Let me know what happens.
>
>
>
--
William Stein
Professor of Mathematics
University of Washington
http://wstein.org
Be careful. I think this only works if the norm is square-free.
(Special case where it certainly does not work: if f is already in
R[x] and irreducible there, then g is a power of f and you get no
info.) In this case one does a random shift, replacing x by x+c where
c is in S (not in R!) and then takes the norm.
This is in Cohen's book in the number field context.
John
I was careful to be vague about (3) -- I didn't say how one recovers
the factorization.
Definitely the above will work in characteristic zero even if the norm
is not square free.
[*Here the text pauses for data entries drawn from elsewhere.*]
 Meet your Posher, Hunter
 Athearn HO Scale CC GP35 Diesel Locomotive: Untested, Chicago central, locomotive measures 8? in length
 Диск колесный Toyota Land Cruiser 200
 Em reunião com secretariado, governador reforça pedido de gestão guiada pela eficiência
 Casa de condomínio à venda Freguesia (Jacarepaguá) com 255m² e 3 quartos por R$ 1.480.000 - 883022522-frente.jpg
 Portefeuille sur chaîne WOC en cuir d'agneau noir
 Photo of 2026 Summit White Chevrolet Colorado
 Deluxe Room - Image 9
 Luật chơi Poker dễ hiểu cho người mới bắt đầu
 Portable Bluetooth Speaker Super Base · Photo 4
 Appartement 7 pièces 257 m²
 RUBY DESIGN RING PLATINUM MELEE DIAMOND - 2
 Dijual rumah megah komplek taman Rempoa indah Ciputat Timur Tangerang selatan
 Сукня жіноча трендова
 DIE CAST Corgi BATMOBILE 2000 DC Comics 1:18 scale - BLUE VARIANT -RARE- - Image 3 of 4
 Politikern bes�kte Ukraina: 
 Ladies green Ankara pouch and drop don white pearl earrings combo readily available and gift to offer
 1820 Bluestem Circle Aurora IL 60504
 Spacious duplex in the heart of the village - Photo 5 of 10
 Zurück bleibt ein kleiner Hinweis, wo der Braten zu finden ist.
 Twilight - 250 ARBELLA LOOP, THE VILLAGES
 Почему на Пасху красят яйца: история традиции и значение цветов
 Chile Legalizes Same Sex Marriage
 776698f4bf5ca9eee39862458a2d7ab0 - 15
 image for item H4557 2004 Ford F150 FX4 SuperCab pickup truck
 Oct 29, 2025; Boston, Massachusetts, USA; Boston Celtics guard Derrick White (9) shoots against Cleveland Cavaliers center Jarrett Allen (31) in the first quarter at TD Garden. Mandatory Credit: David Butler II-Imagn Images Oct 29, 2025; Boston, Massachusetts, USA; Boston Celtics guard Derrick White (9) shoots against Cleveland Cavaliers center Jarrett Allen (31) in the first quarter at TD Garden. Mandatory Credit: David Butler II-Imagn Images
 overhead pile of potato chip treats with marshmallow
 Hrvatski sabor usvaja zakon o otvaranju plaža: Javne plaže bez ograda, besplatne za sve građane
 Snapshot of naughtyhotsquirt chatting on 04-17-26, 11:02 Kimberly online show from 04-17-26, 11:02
Just take valuations at each prime divisor.
> (Special case where it certainly does not work: if f is already in
> R[x] and irreducible there, then g is a power of f and you get no
> info.)
I think you get complete info -- you get that f is irreducible. ?? Or
am I confused?
> In this case one does a random shift, replacing x by x+c where
> c is in S (not in R!) and then takes the norm.
>
> This is in Cohen's book in the number field context.
Yes, that's where I learned about this.
Resultants are relevant...
One of us is. If f is irreducible over R but not over S then your
gcd will be f again which does not help you factor over S.
Basically what one needs is that the conjugates of f (whose product is
the norm) are coprime.
?
John
Yes, that's a good point. This won't work without some further trick
like you suggest.
And the tricks to make this general are in Cohen's book, I think, as you say.
You're vindicated -- see the embarrassing (to me)
http://trac.sagemath.org/sage_trac/ticket/9498
William